▶ **TASK DIRECTIONS**:
Nothing but the lines from the one containing "Jones Symphony No" through the end of the data below should appear in the answer, each exact and free of pictures.

--- SOURCE DATA ---

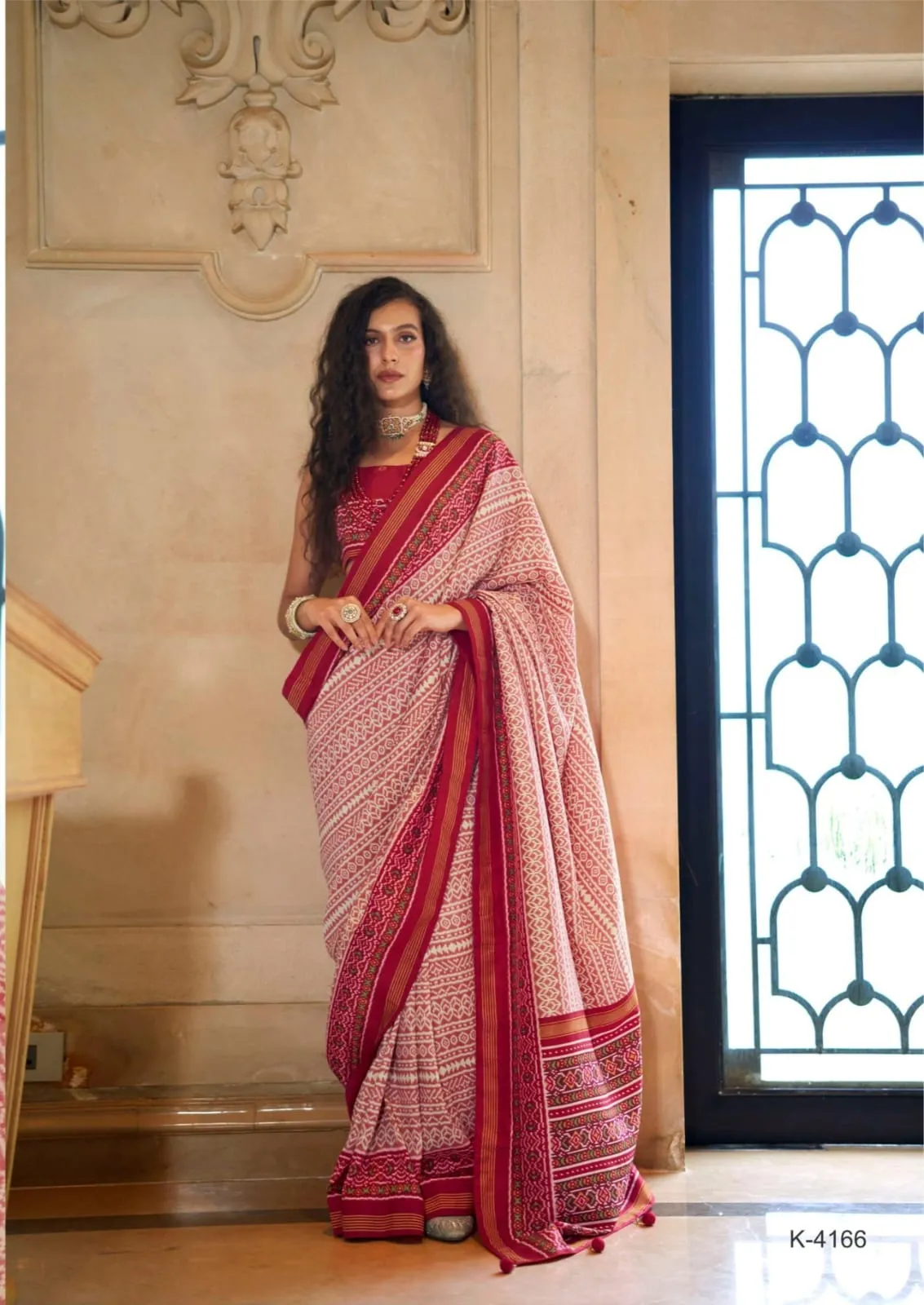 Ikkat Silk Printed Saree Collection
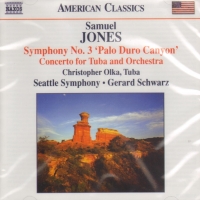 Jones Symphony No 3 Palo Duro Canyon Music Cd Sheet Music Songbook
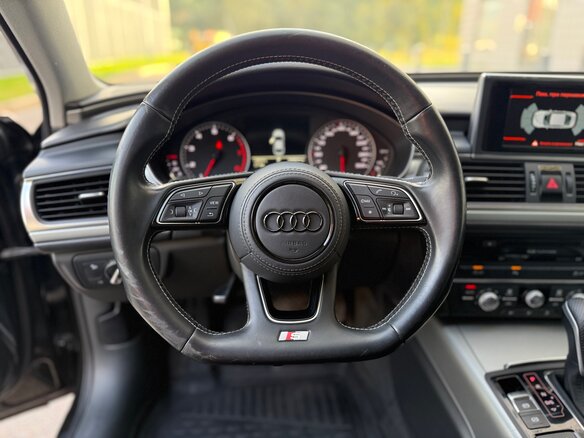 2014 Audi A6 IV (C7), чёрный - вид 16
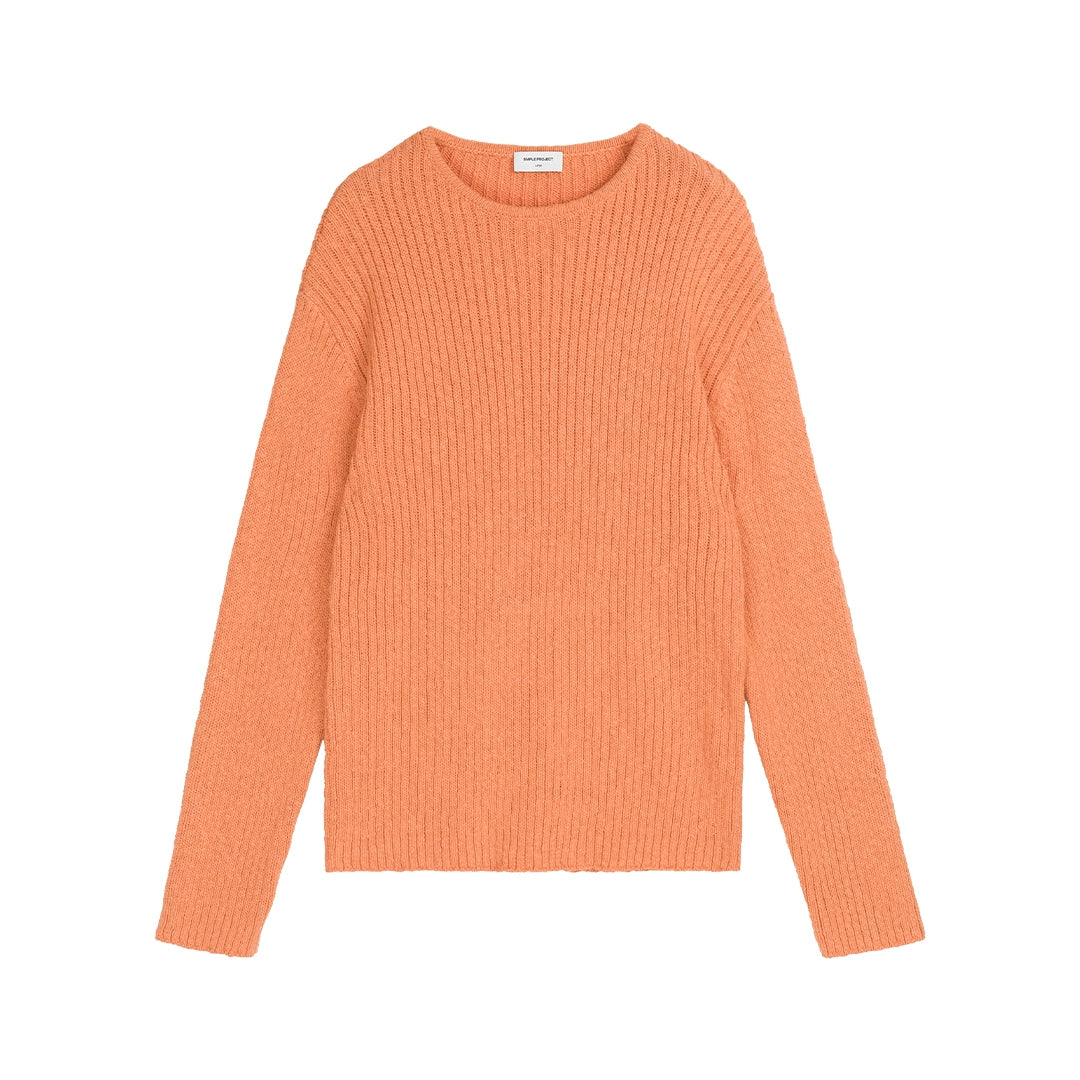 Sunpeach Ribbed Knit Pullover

---

▶ **SOLUTION**:
 Jones Symphony No 3 Palo Duro Canyon Music Cd Sheet Music Songbook
 2014 Audi A6 IV (C7), чёрный - вид 16
 Sunpeach Ribbed Knit Pullover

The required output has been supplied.